### Extracted records
⟨

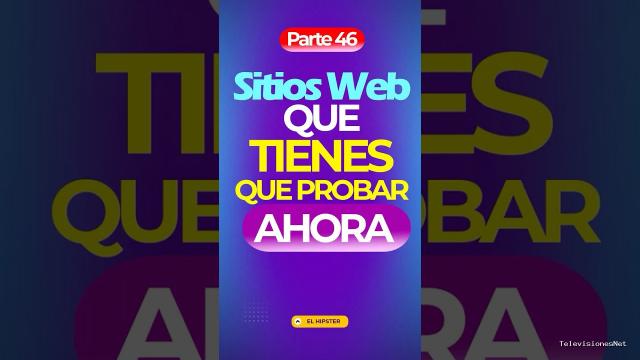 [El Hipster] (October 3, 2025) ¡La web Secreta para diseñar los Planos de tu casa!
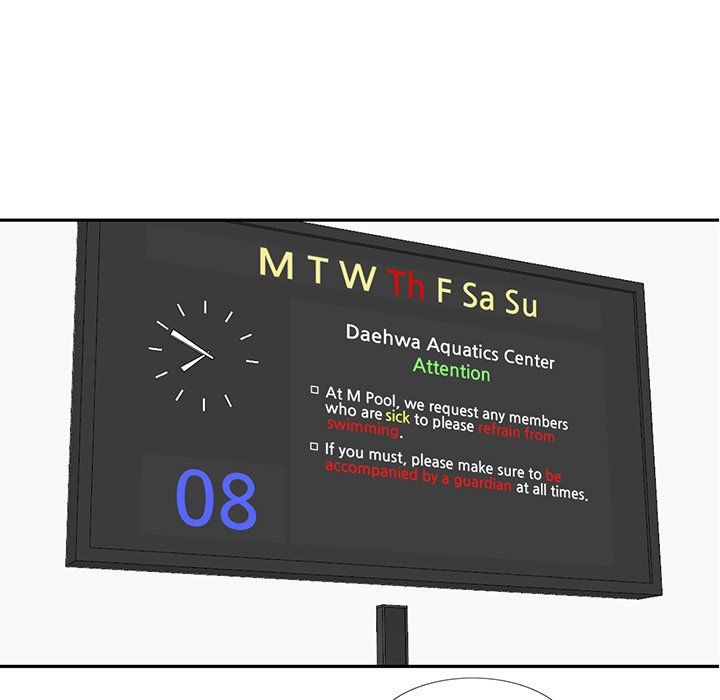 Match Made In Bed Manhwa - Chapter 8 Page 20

⟩
⟨

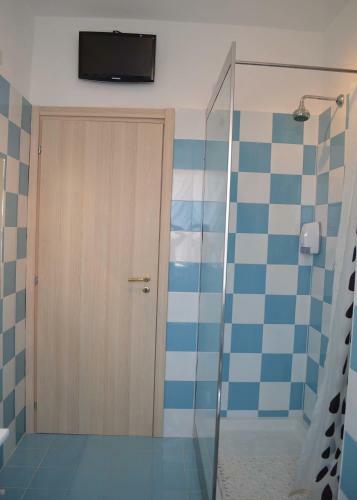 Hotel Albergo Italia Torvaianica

⟩

### Directions for this task
With the pictures omitted, copy the entries above exactly from the line containing "[El Hipster] (October" through the line containing "Match Made In Bed Manhwa - Chapter 8 Page 20", both lines included.

### Task answer
 [El Hipster] (October 3, 2025) ¡La web Secreta para diseñar los Planos de tu casa!
 Match Made In Bed Manhwa - Chapter 8 Page 20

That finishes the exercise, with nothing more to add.